In 1953 Real Madrid “won” the Alfredo di Stefano sweepstakes which ushered in an era of unprecedented and as yet unmatched club supremacy. In a career that spanned eleven seasons, di Stefano’s club won eight La Liga titles (four times more than Real had won before he joined them), and five Champions League-equivalent trophies. The Argentine superstar was the league’s top scorer (Pichichi Trophy) five times. During that span, results of the Clasico rivalry were largely favorable to Real who had 15 wins, 6 losses and 1 draw. The upper hand that Real enjoys in the overall Clasico tally sheet can be traced directly back to winning that player sweepstakes.
In 2001, Lionel Messi joined Barcelona from Newell’s Old Boys, in Rosario, Argentina. But Messi is by and large a La Masia product, scouted by Barcelona in Argentina, brought to Spain at an early age, and developed at the club for years before he was deemed ripe enough to present to the world in 2004. His eleven years at the Catalan club have been magical and he is already one of the sport’s all-time greats. His purchase is perhaps the biggest find in world football history. But Barca did not rest on its laurels while Real did not learn any lessons.
The Real youth academy equivalent, La Fabrica, has produced homegrown, world-class talents such as Raul and Iker Casillas, but no Messi-equivalent. Madrid’s club leadership has not been as aggressive or successful in pursuing talent abroad as has Barcelona’s. That difference is now looming large despite the fact that both clubs recruit extensively on a global scale. The issue is that Barca learned its painful lesson sixty years ago and vowed not to let that lesson be repeated.
In 2013, FC Barcelona “won” the Neymar da Silva Santos, Jr. sweepstakes. The then 21-year-old Brazilian prodigy had already set his native country’s pitches afire, and in four years had delivered four domestic trophies and two continental ones, including one Copa Libertadores (South America’s Champions League equivalent), while scoring 54 goals in 103 total appearances. Most now tout him as the rightful Ballon d’Or heir, the third best player on the planet (behind Messi and Cristiano Ronaldo) and currently the best performing.

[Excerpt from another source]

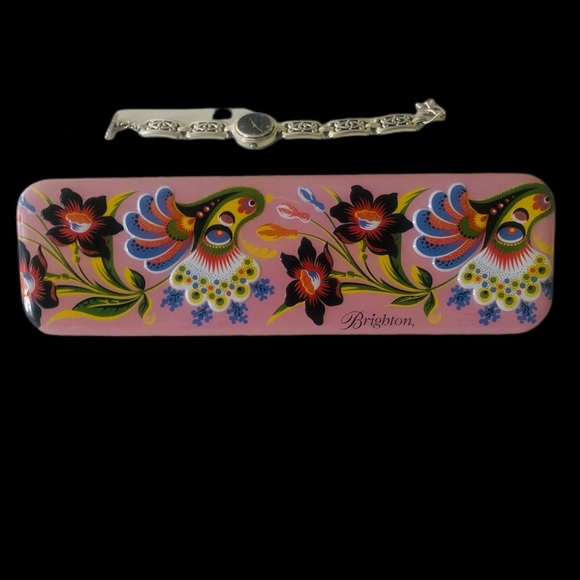 BRIGHTON HARTFORD WATCH ADJUSTABLE BAND NEW BATTERY EXCELLENT CONDITION - Picture 5 of 6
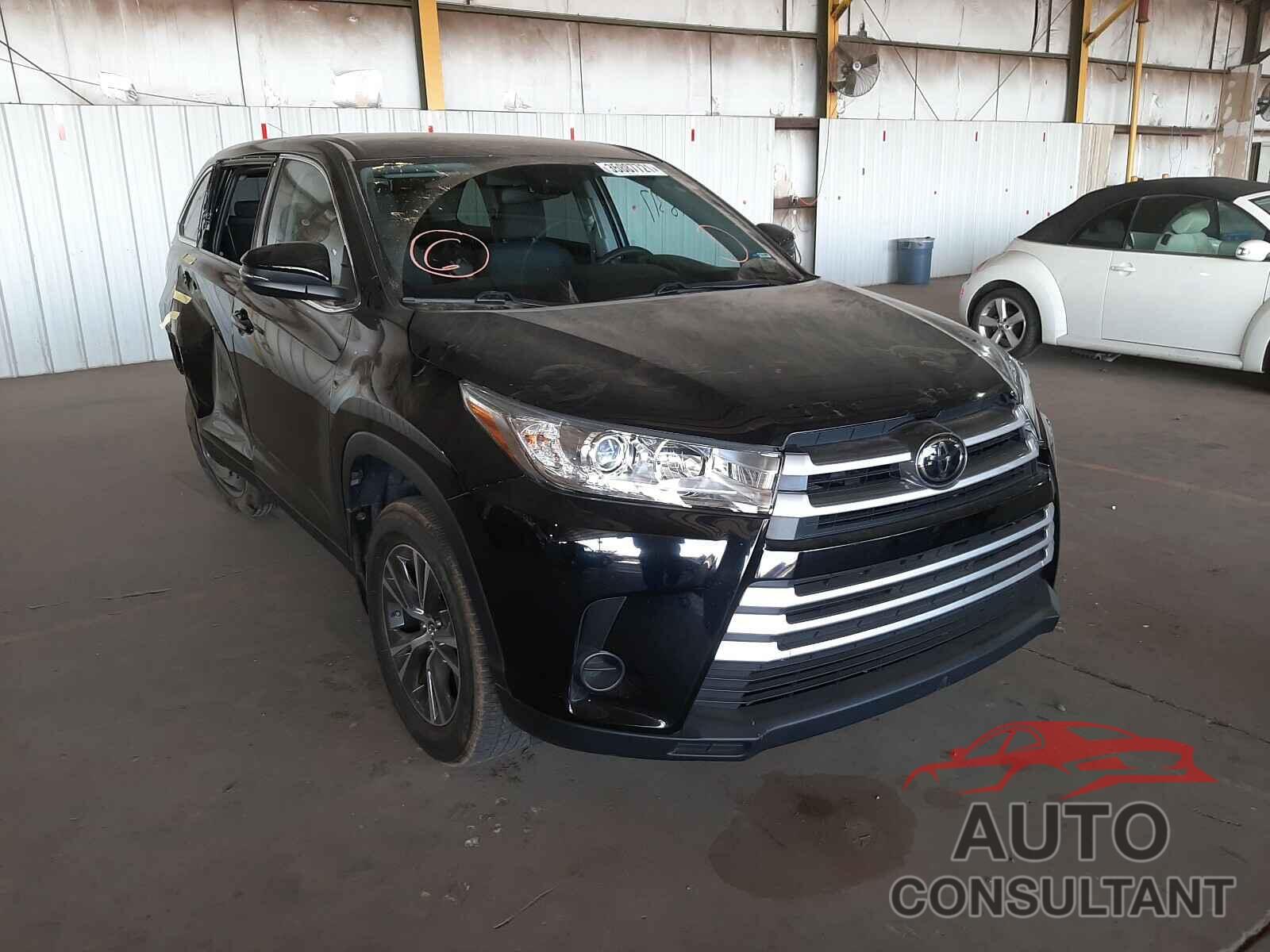 TOYOTA HIGHLANDER 2019 - 5TDBZRFH2KS921006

Saturday we witnessed a Barca demolition of Real that included the 28-year old Messi as a guest traveler. The defeat was largely delivered via the performance of 23-year-old Neymar, albeit with ample help from 28-year-old Luis Suarez, and with an outsized assist from Rafa Benitez. Yet we are at but a year or two away from a crossroads between best player in the world eras and Barca is poised to ride the next one all the way, again.

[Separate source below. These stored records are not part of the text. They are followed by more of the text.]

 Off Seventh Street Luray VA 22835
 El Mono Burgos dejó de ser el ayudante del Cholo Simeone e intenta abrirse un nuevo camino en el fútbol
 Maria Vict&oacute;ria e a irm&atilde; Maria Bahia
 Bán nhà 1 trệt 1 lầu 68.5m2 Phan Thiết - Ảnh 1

While Real’s 30-year old Ronaldo continues unable to find a complete and concurrent supporting cast—club leadership, team manager, and playmates—at Barcelona, the successful Messi era still has a few years to go before it concludes, and the Neymar era is just about to emerge. Saturday certified that Barca is primed to bask in success for years to come.
Simultaneously, Real Madrid fans witnessed a small and large change that together seemed as fraught with portent as that first cosmic dust must have seemed to some doomed dinosaur just before that meteor landed at Chicxulub. Those Bernabeu fans perhaps heard the popped balloon of Benitez’s last Clasico at the helm, but they surely witnessed the catastrophic explosion that was that post-match parade of unhappy faces that included Ronaldo’s, Gareth Bale’s, Sergio Ramos’, Isco’s, Marcelo’s, and James Rodriguez’s—to which you can add a bewildered look on Karim Benzema’s face.
The Madrid club, with plenty of key personnel sought at opponent’s camps near and far, needs to value their roster and shore up how they cater to players who might now see themselves happier elsewhere. But mostly Real Madrid needs another big-name miscalculation at manager as much as they need a near-empty La Fabrica cupboard and an extended term with Florentino Perez as president. If only a couple of those problems are tackled, Benitez’s enabling role in yesterday’s Clasico will be repeated by Real at countless levels and in countless ways for years to come.
That White debacle we saw at the Bernabeu yesterday was tailor made at Ciudad Real Madrid, but the final asphyxiating fit will have been designed by Catalans at Carrer d’Arístides Maillol, and we all glimpsed that milestone millstone fitting at yesterday’s Clasico.